Yeats uses conventional lyric forms, but explores the connection between
modern themes and classical and romantic ideas. Eliot uses elements of
conventional forms, within an unconventionally structured whole in his
greatest works. Where Yeats is prolific as a poet, Eliot's reputation
largely rests on two long and complex works: The Waste Land (1922)
and Four Quartets (1943).
The work of these two has
overshadowed the work of the best late Victorian, Edwardian and Georgian
poets, some of whom came to prominence during the First World War. Among
these are Thomas Hardy, Rudyard Kipling (1865-1936), A.E. Housman
(1859-1936), Edward Thomas (1878-1917), Rupert Brooke (1887-1915), Siegfried
Sassoon (1886-1967), Wilfred Owen (1893-1918) and Isaac Rosenberg
(1890-1918).
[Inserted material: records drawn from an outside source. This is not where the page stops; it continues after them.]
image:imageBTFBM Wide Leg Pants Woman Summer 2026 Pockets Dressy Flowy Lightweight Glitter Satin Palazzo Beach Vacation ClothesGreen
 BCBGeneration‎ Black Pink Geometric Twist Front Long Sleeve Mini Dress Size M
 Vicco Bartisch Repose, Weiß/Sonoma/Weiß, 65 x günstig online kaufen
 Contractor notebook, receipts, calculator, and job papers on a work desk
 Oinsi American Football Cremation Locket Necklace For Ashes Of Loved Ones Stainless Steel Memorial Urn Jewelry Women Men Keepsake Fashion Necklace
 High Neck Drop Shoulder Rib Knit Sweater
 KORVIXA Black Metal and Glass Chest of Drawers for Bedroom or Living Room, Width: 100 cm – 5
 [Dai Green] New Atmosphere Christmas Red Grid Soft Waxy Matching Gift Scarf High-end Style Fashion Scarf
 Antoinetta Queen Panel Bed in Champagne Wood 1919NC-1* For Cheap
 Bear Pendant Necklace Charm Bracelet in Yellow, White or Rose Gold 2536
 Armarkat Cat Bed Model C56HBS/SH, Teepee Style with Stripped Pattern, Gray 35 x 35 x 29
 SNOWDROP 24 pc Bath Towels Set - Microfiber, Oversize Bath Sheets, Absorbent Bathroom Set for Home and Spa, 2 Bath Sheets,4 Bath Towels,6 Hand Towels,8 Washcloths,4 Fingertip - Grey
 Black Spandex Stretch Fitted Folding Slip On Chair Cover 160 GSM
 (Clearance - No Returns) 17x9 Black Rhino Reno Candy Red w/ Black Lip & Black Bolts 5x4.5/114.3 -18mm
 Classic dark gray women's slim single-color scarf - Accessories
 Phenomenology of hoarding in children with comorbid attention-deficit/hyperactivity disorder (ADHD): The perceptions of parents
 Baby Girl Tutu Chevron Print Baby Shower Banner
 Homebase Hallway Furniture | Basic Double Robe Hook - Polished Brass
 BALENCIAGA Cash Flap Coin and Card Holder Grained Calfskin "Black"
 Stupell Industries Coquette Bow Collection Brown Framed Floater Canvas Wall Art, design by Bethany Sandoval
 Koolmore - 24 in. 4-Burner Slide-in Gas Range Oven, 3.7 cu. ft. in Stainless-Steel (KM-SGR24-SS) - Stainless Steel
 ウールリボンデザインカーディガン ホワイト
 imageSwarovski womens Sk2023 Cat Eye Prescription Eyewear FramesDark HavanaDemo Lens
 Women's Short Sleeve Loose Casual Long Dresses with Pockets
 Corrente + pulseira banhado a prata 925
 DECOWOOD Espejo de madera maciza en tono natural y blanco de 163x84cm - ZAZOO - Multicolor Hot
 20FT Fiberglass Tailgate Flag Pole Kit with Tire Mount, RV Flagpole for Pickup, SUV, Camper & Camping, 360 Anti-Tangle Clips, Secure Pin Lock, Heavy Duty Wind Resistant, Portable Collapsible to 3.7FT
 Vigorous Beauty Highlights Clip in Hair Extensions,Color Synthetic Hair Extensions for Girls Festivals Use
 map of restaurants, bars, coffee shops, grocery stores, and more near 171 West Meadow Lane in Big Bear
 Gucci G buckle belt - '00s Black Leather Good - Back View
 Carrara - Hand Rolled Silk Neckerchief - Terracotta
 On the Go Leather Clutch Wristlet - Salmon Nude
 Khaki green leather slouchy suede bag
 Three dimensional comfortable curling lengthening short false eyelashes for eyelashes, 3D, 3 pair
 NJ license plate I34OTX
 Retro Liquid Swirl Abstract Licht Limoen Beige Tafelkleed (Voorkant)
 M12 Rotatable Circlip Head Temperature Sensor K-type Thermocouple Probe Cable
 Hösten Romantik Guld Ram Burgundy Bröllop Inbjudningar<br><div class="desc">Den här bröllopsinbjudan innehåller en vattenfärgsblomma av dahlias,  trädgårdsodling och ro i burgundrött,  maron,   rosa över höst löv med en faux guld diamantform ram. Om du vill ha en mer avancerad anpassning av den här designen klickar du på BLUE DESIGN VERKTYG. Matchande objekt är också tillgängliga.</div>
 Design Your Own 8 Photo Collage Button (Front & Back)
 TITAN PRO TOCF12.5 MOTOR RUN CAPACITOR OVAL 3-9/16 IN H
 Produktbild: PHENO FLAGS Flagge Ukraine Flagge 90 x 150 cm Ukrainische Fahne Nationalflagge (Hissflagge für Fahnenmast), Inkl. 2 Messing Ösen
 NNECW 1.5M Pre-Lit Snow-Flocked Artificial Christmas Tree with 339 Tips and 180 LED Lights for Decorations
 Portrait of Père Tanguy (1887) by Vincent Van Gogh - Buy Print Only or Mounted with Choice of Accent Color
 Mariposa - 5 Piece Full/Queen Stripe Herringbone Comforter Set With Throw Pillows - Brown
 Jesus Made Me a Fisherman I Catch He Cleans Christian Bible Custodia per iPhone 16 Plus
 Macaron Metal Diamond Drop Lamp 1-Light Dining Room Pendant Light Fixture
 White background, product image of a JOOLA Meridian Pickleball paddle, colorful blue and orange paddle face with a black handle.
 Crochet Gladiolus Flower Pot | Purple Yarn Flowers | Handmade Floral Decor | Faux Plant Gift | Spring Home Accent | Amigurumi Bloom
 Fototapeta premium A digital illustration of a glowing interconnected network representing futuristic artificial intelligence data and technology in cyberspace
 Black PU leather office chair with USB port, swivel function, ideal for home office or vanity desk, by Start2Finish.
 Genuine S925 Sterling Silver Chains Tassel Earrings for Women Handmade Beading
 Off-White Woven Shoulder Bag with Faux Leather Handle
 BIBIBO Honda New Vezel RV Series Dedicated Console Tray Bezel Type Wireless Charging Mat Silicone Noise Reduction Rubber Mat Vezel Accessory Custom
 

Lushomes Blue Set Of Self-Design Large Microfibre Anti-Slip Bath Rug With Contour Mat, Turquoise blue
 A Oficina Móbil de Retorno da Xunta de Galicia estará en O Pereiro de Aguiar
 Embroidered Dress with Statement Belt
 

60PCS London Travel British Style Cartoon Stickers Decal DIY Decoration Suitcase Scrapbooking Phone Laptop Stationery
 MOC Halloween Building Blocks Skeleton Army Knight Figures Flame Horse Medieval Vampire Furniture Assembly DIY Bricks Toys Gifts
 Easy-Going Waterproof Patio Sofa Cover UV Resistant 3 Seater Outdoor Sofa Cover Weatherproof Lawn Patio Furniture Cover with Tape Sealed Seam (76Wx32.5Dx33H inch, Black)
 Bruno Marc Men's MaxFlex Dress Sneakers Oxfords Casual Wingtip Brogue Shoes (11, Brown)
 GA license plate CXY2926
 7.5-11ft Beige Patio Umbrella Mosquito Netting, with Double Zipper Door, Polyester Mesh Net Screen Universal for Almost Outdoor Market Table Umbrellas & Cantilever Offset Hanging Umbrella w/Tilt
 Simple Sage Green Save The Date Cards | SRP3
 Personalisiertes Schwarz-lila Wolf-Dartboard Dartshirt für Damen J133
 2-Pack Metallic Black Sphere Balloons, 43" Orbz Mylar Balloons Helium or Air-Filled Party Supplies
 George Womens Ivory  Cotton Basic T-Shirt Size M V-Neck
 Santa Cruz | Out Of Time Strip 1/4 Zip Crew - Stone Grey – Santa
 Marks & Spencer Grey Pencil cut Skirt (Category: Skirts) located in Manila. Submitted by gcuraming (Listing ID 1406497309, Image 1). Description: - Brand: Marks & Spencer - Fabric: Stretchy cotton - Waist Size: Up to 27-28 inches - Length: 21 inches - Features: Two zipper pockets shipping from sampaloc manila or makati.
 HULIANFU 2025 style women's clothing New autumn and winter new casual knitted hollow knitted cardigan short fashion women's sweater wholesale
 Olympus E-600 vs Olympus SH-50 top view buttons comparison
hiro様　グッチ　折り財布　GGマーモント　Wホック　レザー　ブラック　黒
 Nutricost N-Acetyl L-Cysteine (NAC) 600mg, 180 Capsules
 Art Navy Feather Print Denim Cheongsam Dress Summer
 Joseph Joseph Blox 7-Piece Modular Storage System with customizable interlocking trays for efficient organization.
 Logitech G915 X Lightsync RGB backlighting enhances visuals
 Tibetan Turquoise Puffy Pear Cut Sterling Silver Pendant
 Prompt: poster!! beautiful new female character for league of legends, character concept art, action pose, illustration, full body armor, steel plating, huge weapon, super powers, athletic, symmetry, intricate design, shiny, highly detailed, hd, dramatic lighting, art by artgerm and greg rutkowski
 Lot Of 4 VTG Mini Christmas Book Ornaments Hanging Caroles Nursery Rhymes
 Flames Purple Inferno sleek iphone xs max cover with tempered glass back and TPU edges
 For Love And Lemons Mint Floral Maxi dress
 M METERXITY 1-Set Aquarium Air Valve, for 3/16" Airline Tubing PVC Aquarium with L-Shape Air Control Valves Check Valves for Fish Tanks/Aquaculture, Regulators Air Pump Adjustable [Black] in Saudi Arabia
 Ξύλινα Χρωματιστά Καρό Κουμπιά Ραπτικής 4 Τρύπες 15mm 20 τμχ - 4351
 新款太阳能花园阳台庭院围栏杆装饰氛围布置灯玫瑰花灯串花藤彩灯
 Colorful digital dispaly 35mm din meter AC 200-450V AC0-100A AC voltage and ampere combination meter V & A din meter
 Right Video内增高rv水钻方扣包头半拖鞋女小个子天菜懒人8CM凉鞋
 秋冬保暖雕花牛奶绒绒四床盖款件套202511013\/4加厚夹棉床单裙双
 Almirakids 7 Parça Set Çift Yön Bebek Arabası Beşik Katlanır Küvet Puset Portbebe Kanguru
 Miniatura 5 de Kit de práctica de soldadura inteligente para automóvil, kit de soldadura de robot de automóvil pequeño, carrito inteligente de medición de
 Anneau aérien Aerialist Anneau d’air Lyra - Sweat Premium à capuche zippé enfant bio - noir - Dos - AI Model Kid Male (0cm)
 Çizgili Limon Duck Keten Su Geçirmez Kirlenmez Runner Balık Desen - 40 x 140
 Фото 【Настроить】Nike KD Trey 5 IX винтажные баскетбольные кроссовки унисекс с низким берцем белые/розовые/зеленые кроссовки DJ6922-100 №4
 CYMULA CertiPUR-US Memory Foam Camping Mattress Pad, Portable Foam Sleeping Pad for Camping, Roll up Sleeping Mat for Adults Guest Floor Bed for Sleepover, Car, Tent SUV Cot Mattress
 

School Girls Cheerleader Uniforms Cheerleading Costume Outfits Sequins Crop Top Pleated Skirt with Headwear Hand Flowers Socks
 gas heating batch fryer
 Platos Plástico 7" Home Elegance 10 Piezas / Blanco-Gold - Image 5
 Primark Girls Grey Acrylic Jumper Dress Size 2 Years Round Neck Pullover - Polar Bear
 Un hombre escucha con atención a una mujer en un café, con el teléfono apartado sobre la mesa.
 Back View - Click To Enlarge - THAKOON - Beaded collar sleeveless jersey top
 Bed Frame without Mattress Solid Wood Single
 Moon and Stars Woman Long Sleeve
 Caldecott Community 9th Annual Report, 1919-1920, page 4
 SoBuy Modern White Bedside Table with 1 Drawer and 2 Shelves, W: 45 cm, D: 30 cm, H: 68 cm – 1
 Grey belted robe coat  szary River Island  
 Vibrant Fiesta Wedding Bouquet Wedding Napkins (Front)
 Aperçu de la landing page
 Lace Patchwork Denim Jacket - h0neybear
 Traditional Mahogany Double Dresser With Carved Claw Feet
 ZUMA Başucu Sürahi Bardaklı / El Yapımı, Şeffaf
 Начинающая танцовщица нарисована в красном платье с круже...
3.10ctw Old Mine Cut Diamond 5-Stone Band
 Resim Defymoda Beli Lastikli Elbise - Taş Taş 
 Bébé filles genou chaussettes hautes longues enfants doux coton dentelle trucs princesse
The most celebrated modern American poet, is Robert Frost
(1874-1963), who befriended Edward Thomas before the war of 1914-1918.
Early
modern writers
The late Victorian and early
modern periods are spanned by two novelists of foreign birth: the American Henry
James (1843-1916) and the Pole Joseph Conrad (Josef Korzeniowski;
1857-1924). James relates character to issues of culture and ethics, but
his style can be opaque; Conrad's narratives may resemble adventure stories
in incident and setting, but his real concern is with issues of character
and morality. The best of their work would include James's The Portrait
of a Lady and Conrad's Heart of Darkness, Nostromo and The
Secret Agent.
Other notable writers of the
early part of the century include George Bernard Shaw (1856-1950), H.G.
Wells (1866-1946), and E.M. Forster (1879-1970). Shaw was an essay-writer,
language scholar and critic, but is best-remembered as a playwright. Of his
many plays, the best-known is Pygmalion (even better known today in
its form as the musical My Fair Lady). Wells is celebrated as a
popularizer of science, but his best novels explore serious social and
cultural themes, The History of Mr. Polly being perhaps his
masterpiece. Forster's novels include Howard's End, A Room with a View
and A Passage to India.
Joyce
and Woolf
Where these writers show
continuity with the Victorian tradition of the novel, more radically modern
writing is found in the novels of James Joyce (1882-1941), of Virginia
Woolf (1882-1941), and of D.H. Lawrence (1885-1930). Where Joyce and Woolf
challenge traditional narrative methods of viewpoint and structure,
Lawrence is concerned to explore human relationships more profoundly than
his predecessors, attempting to marry the insights of the new psychology
with his own acute observation. Working-class characters are presented as
serious and dignified; their manners and speech are not objects of
ridicule.
Other notable novelists include George
Orwell (1903-50), Evelyn Waugh (1903-1966), Graham Greene (1904-1991) and
the 1983 Nobel prize-winner, William Golding (1911-1993).
Poetry
in the later 20th century
Between the two wars, a revival
of romanticism in poetry is associated with the work of W.H. (Wystan Hugh)
Auden (1907-73), Louis MacNeice (1907-63) and Cecil Day-Lewis (1904-72).
Auden seems to be a major figure on the poetic landscape, but is almost too
contemporary to see in perspective. The Welsh poet, Dylan Thomas (1914-53)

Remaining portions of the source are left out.